** Opening INFORMATION GIVEN block **
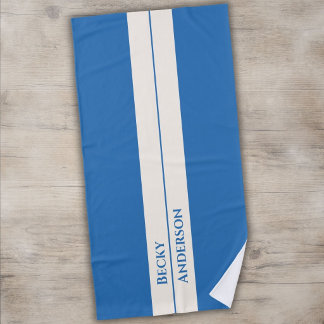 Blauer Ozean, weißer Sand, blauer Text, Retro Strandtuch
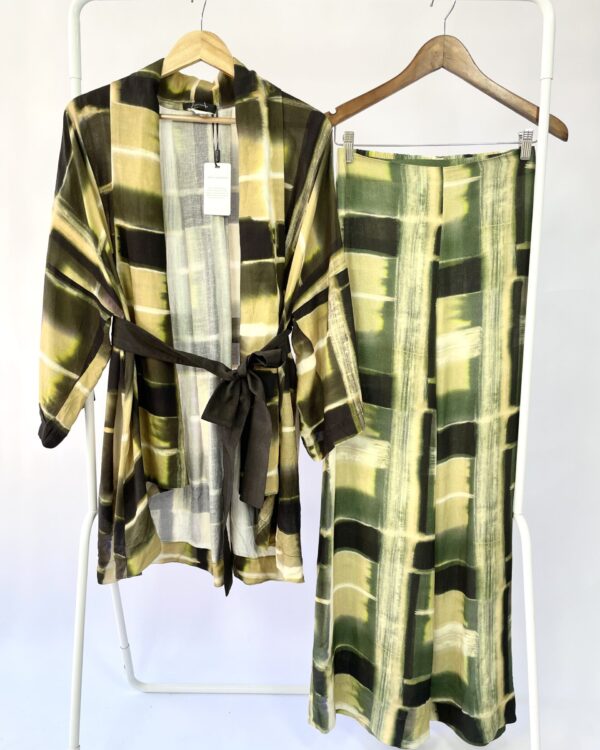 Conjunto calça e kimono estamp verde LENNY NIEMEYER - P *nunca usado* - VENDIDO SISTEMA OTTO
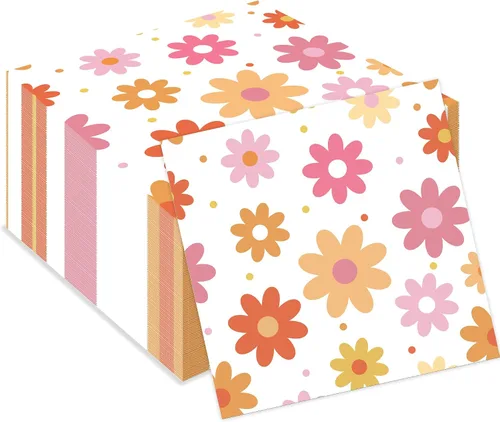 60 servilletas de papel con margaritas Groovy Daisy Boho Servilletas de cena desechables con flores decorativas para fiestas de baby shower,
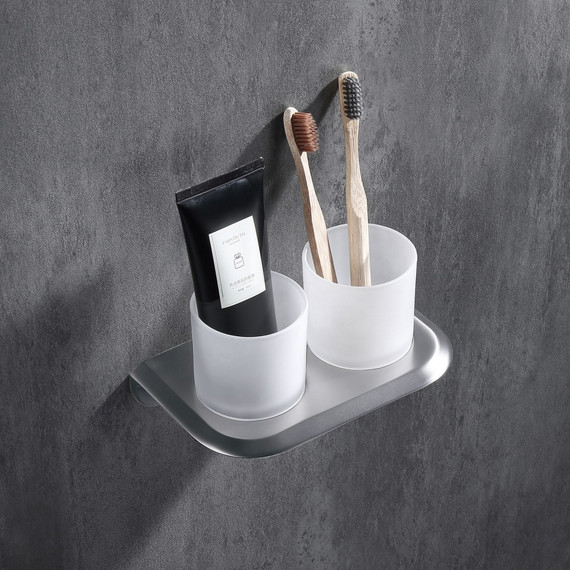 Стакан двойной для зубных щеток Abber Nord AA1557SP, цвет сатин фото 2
** Closing INFORMATION GIVEN block **
** Opening INFORMATION GIVEN block **
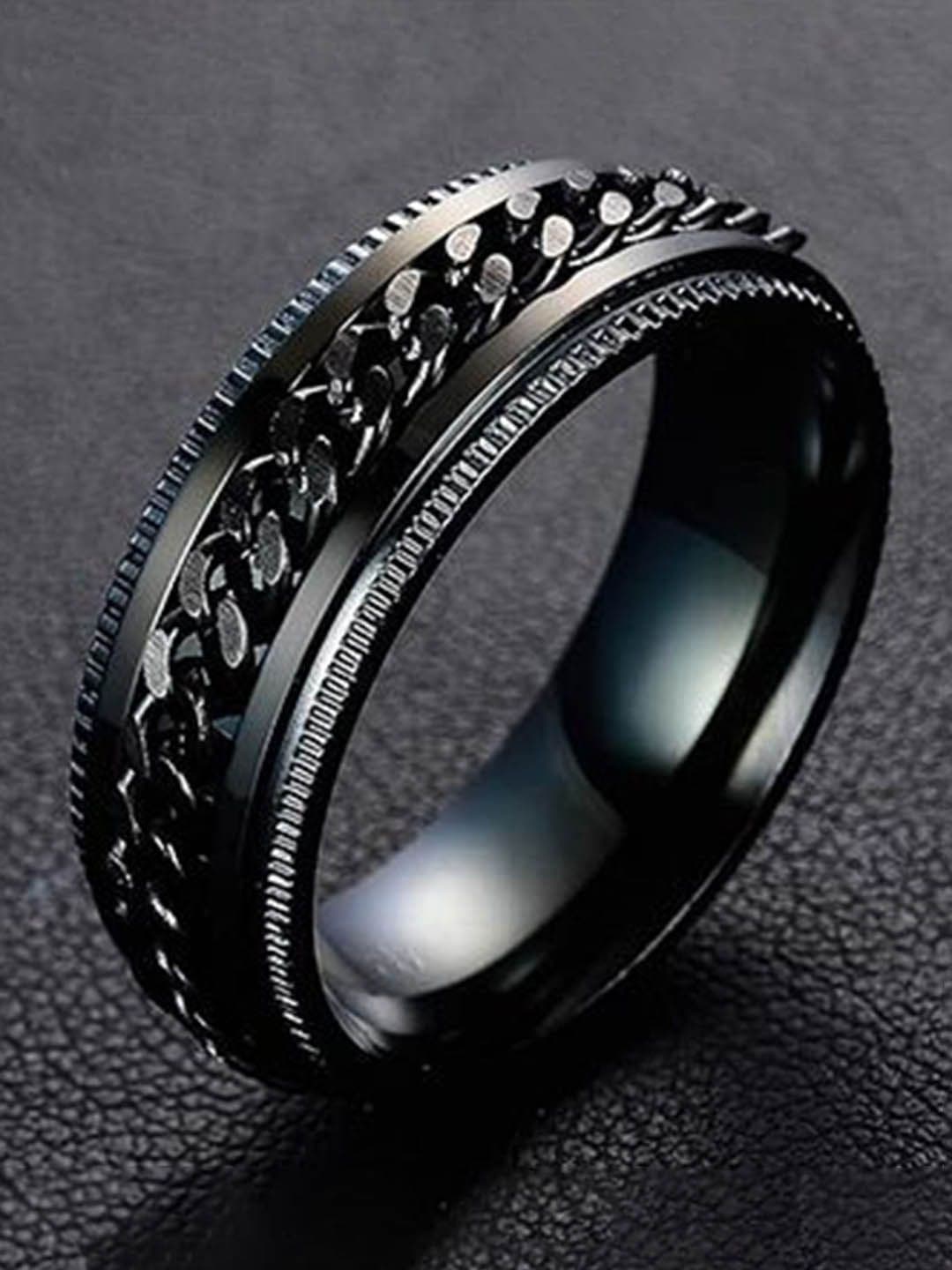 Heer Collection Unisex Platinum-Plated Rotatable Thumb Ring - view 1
** Closing INFORMATION GIVEN block **
* [WHAT IS NEEDED]
Look above for the line with "60 servilletas de" and the line with "Стакан двойной для". Output those two and everything between them exactly, pictures excluded.

* [RESPONSE]
 60 servilletas de papel con margaritas Groovy Daisy Boho Servilletas de cena desechables con flores decorativas para fiestas de baby shower,
 Стакан двойной для зубных щеток Abber Nord AA1557SP, цвет сатин фото 2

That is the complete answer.